Unincorporated community in Minnesota, United States

Theilman is an unincorporated community in Wabasha County, Minnesota, United States.

==Geography==
Theilman is located within West Albany Township and Glasgow Township, at the junction of Wabasha County Roads 4 and 86. Theilman is located along the Zumbro River and near the center of Wabasha County. It lies one mile southwest of the Zumbro Bottoms units of the Richard J. Dorer Memorial Hardwood State Forest. Other nearby places include Kellogg, Plainview, Millville, Zumbro Falls, and Wabasha.

==Climate==

According to the Köppen Climate Classification system, Theilman has a hot-summer humid continental climate, abbreviated "Dfa" on climate maps. The hottest temperature recorded in Theilman was 104 F on August 1, 1988 and September 5, 2023, while the coldest temperature recorded was -44 F on January 18, 1967.
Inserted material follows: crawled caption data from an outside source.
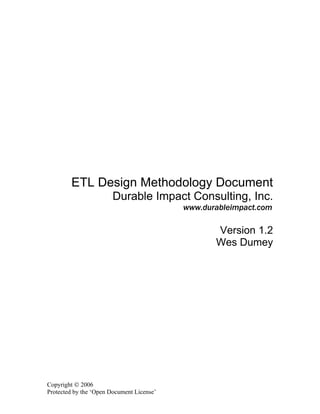 Etl design methodologydocument-datastage
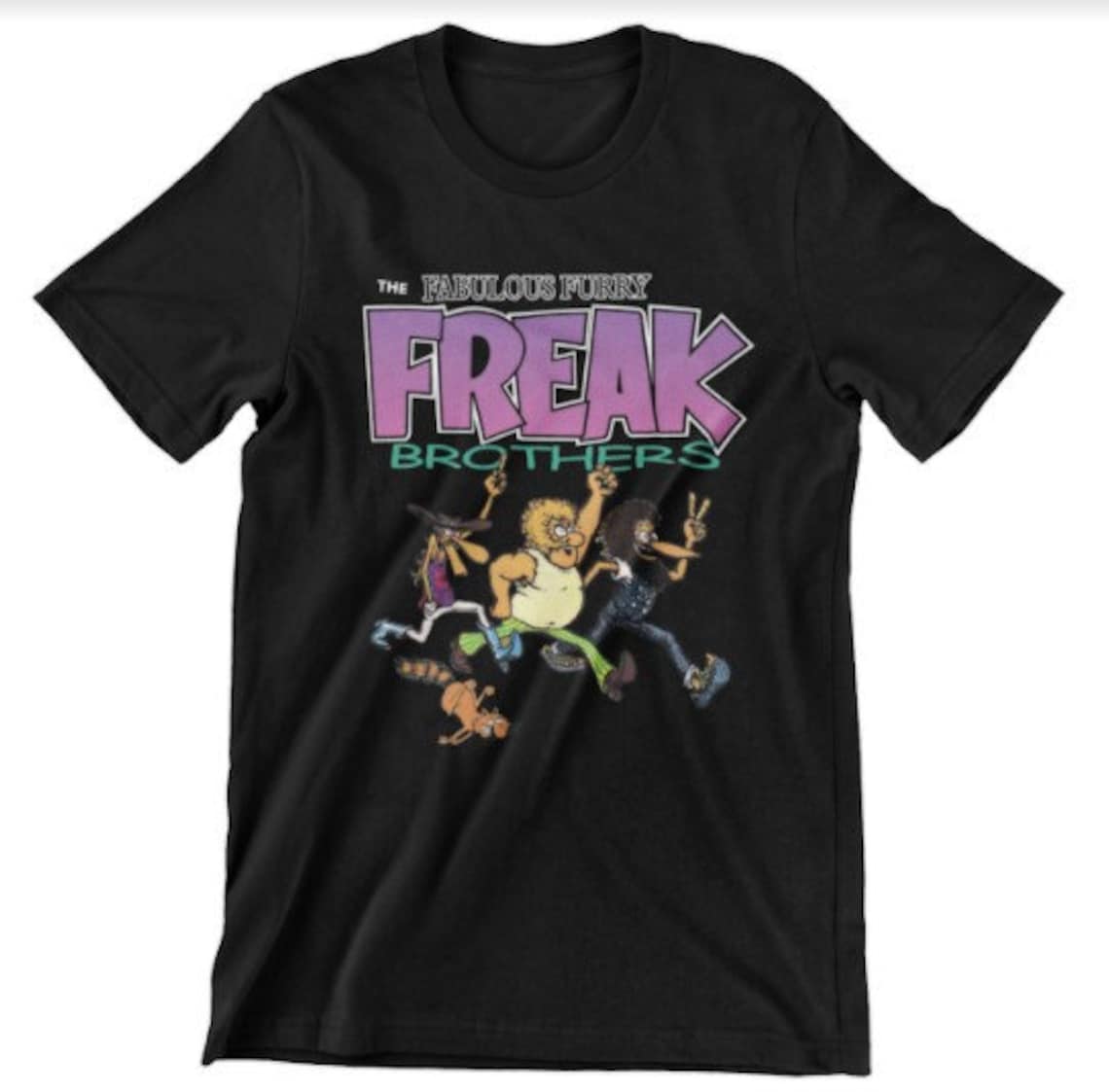 The Fabulous Furry Freak Brothers Shirt Essential T-Shirt | Etsy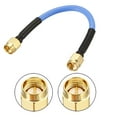 thumbnail image 2 of Uxcell SMA Male to SMA Male RG402 Coax Cable 0.1M/0.33Ft 2 Packs, 2 of 4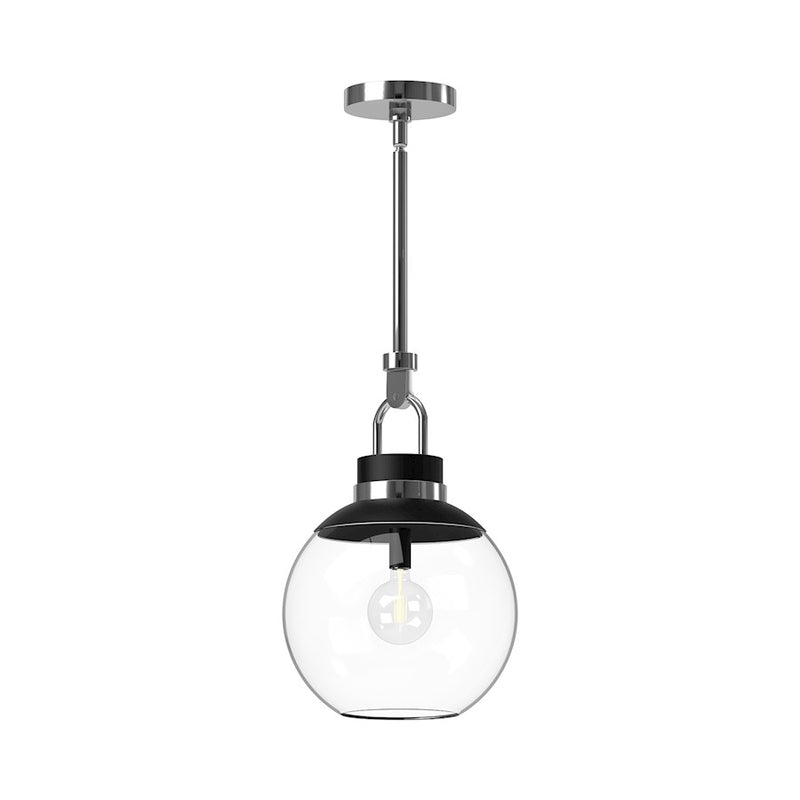 Kuzco Copperfield 12in 1-Light Pendant | Chrome Clear Glass | Kitchen Island & Dining Room | 60W E26 Socket | Model PD520512CHCL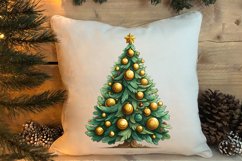 Watercolor Christmas tree clipart, Christmas tree Clipart Product Image 4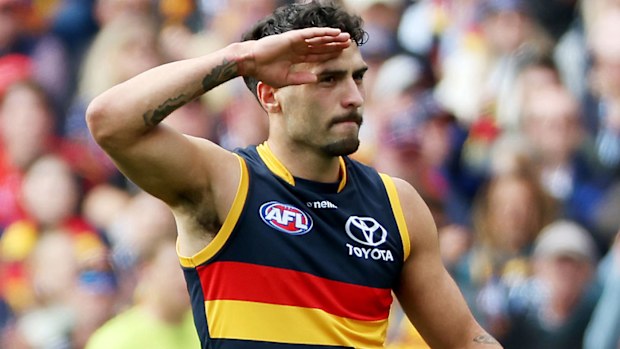 Adelaide Crows youngster Izak Rankine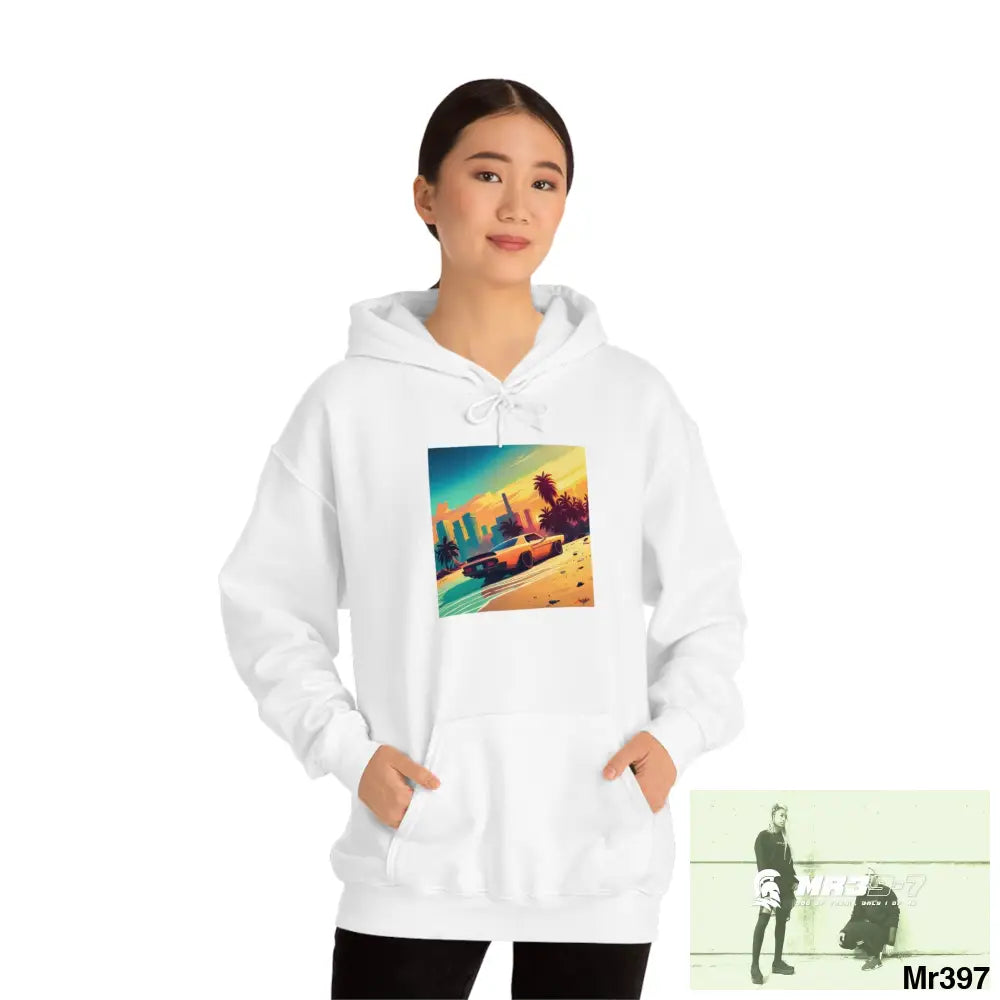 Unisex AI Vice vigilante theme Heavy Blend™ Hooded Sweatshirt Hoodie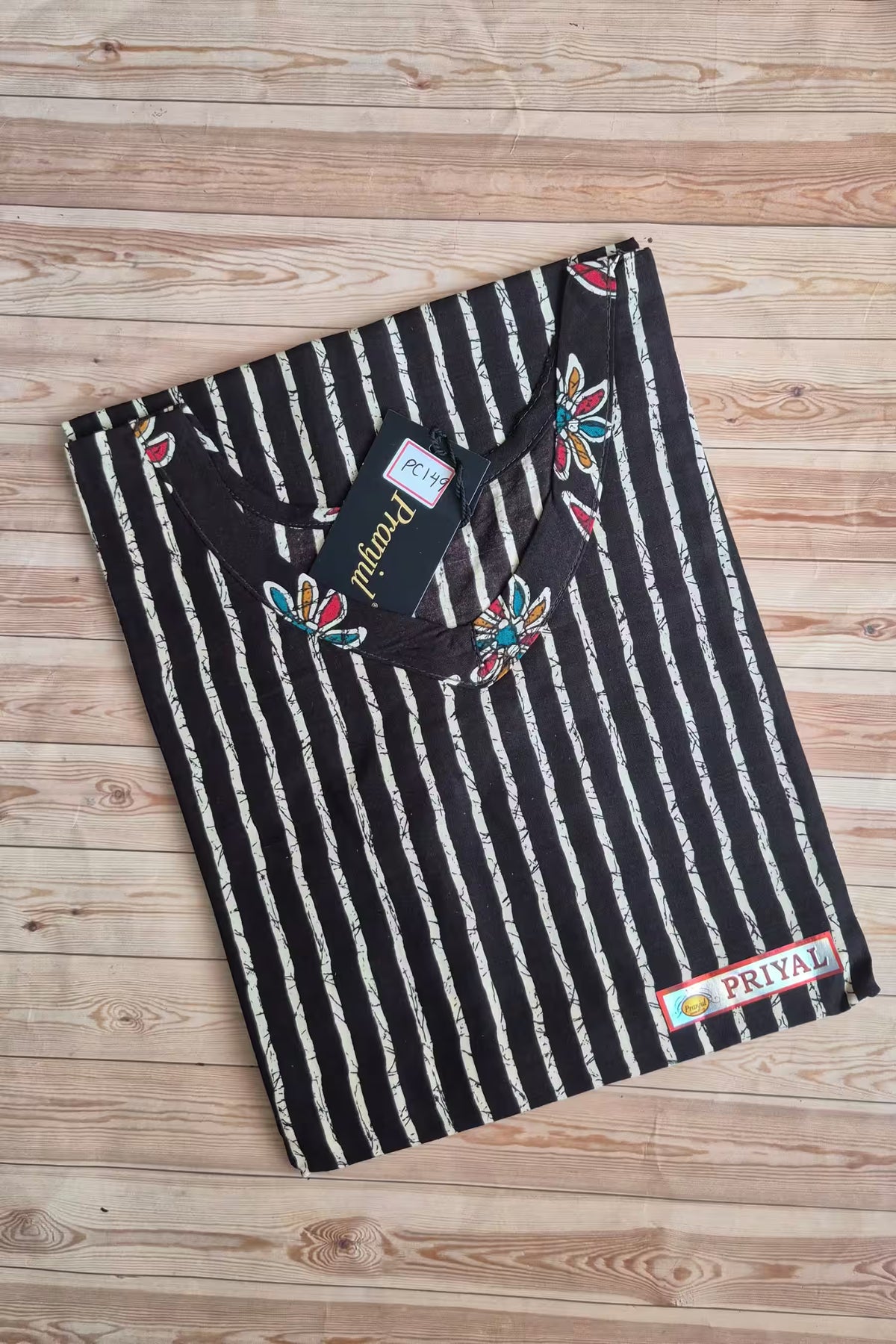 Pranjul Cotton Straight Cut Kurti PC149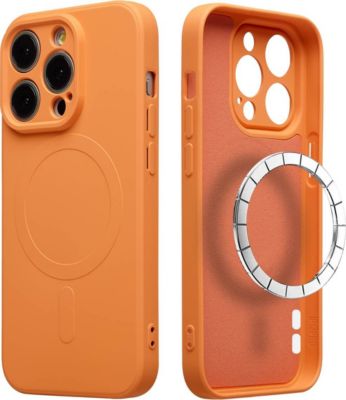 Coque IMOSHION pour Apple iPhone 15 Pro - Neon Orange Coque IMOSHION pour Apple iPhone 15 Pro - Neon Orange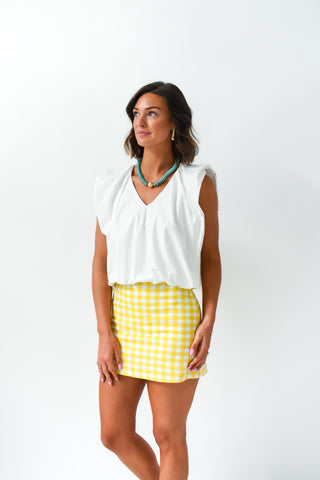 Sunshine Check Plaid Skort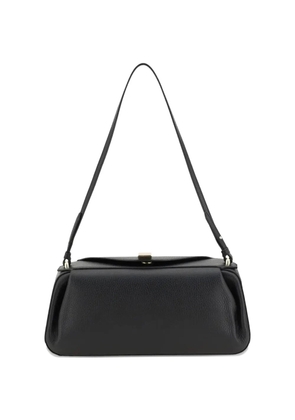 Yuzefi Oyster pebble-grain shoulder bag - Black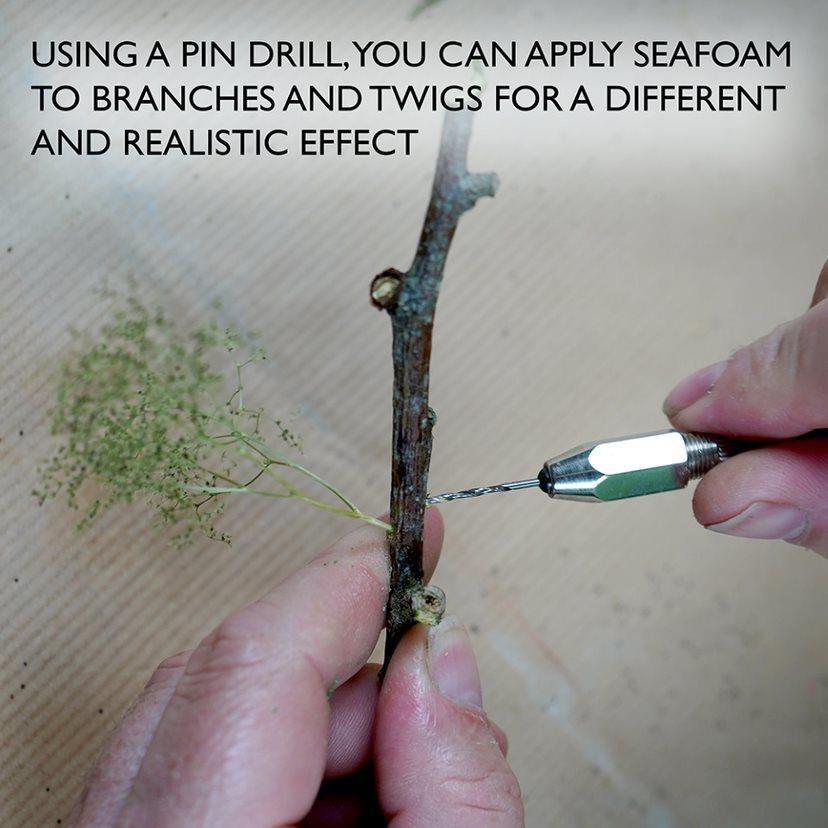 Seafoam Trees Box Mixed Size | Model Scenery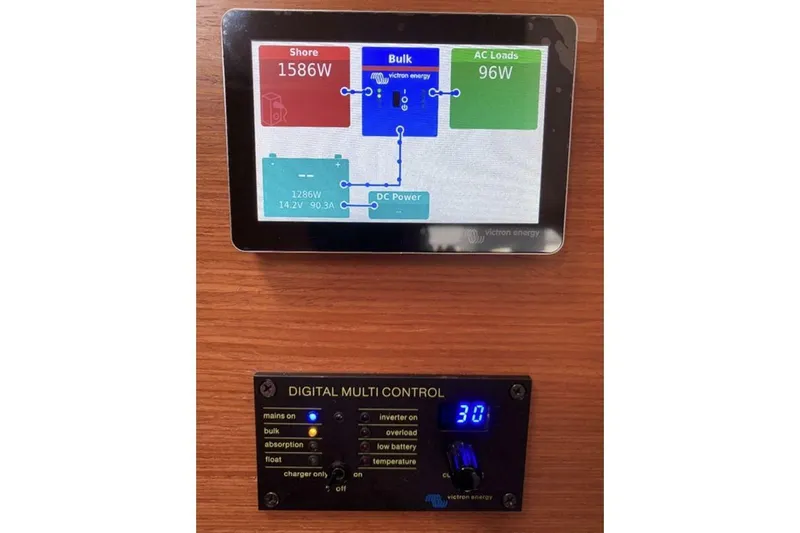  Yacht Photos Pics Digital control panel on 2019 Dufour Grand Large 412 Grand Prix yacht.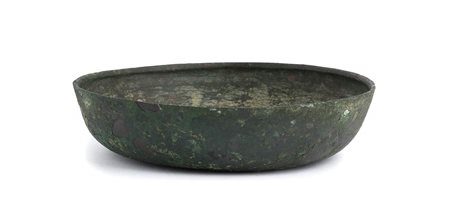 PATERA UMBILICATA IN BRONZO<br>Vicino Oriente Antico, epoca tardo ellenistica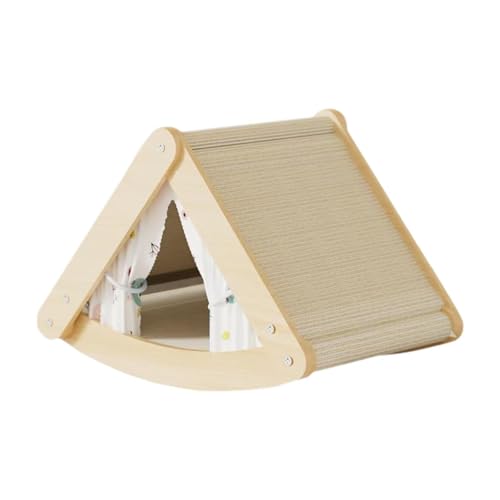 Sharplace Cat Croboper House Triangle Haustiervorräte Kratzerhaus für Innenkatzen zum Spielen von Sharplace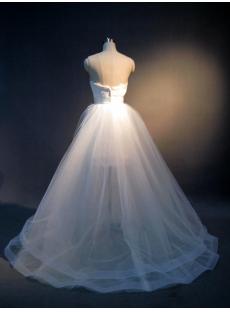 Detachable Skirt Short Bridal Gown with Bow IMG_3926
Climate data for Theilman, Minnesota, 1991–2020 normals, extremes 1962–present
| Month | Jan | Feb | Mar | Apr | May | Jun | Jul | Aug | Sep | Oct | Nov | Dec | Year |
| Record high °F (°C) | 57 (14) | 70 (21) | 84 (29) | 95 (35) | 99 (37) | 103 (39) | 103 (39) | 104 (40) | 104 (40) | 94 (34) | 79 (26) | 64 (18) | 104 (40) |
| Mean maximum °F (°C) | 43.0 (6.1) | 47.5 (8.6) | 64.9 (18.3) | 79.1 (26.2) | 88.3 (31.3) | 93.3 (34.1) | 93.4 (34.1) | 92.3 (33.5) | 88.5 (31.4) | 81.6 (27.6) | 64.3 (17.9) | 47.2 (8.4) | 95.5 (35.3) |
| Mean daily maximum °F (°C) | 24.4 (−4.2) | 29.7 (−1.3) | 41.6 (5.3) | 56.7 (13.7) | 69.0 (20.6) | 79.0 (26.1) | 83.1 (28.4) | 81.0 (27.2) | 73.6 (23.1) | 59.7 (15.4) | 43.4 (6.3) | 30.0 (−1.1) | 55.9 (13.3) |
| Daily mean °F (°C) | 14.3 (−9.8) | 18.7 (−7.4) | 31.4 (−0.3) | 45.1 (7.3) | 57.2 (14.0) | 67.7 (19.8) | 71.7 (22.1) | 69.5 (20.8) | 61.4 (16.3) | 47.9 (8.8) | 34.0 (1.1) | 21.4 (−5.9) | 45.0 (7.2) |
| Mean daily minimum °F (°C) | 4.2 (−15.4) | 7.6 (−13.6) | 21.2 (−6.0) | 33.4 (0.8) | 45.3 (7.4) | 56.5 (13.6) | 60.3 (15.7) | 58.0 (14.4) | 49.1 (9.5) | 36.1 (2.3) | 24.5 (−4.2) | 12.8 (−10.7) | 34.1 (1.1) |
| Mean minimum °F (°C) | −21.3 (−29.6) | −15.8 (−26.6) | −3.8 (−19.9) | 17.0 (−8.3) | 28.9 (−1.7) | 41.2 (5.1) | 48.5 (9.2) | 45.5 (7.5) | 32.6 (0.3) | 21.2 (−6.0) | 6.8 (−14.0) | −12.9 (−24.9) | −24.9 (−31.6) |
| Record low °F (°C) | −44 (−42) | −40 (−40) | −28 (−33) | −1 (−18) | 15 (−9) | 32 (0) | 39 (4) | 32 (0) | 22 (−6) | 7 (−14) | −17 (−27) | −38 (−39) | −44 (−42) |
| Average precipitation inches (mm) | 1.00 (25) | 1.11 (28) | 1.99 (51) | 3.39 (86) | 4.38 (111) | 5.30 (135) | 4.19 (106) | 4.68 (119) | 3.75 (95) | 2.46 (62) | 1.97 (50) | 1.25 (32) | 35.47 (900) |
| Average snowfall inches (cm) | 9.9 (25) | 12.1 (31) | 9.0 (23) | 2.7 (6.9) | 0.0 (0.0) | 0.0 (0.0) | 0.0 (0.0) | 0.0 (0.0) | 0.0 (0.0) | 0.6 (1.5) | 2.3 (5.8) | 11.7 (30) | 48.3 (123.2) |
| Average precipitation days (≥ 0.01 in) | 5.9 | 5.5 | 7.0 | 8.6 | 10.7 | 11.1 | 7.8 | 8.1 | 7.5 | 7.2 | 5.7 | 6.9 | 92.0 |
| Average snowy days (≥ 0.1 in) | 5.2 | 4.8 | 3.4 | 1.0 | 0.0 | 0.0 | 0.0 | 0.0 | 0.0 | 0.2 | 1.5 | 5.1 | 21.2 |
Source 1: NOAA
Source 2: National Weather Service

==History==
A post office called Theilmann was established in 1904, and remained in operation until 1996. The community was named for Christian Theilmann, the original owner of the town site.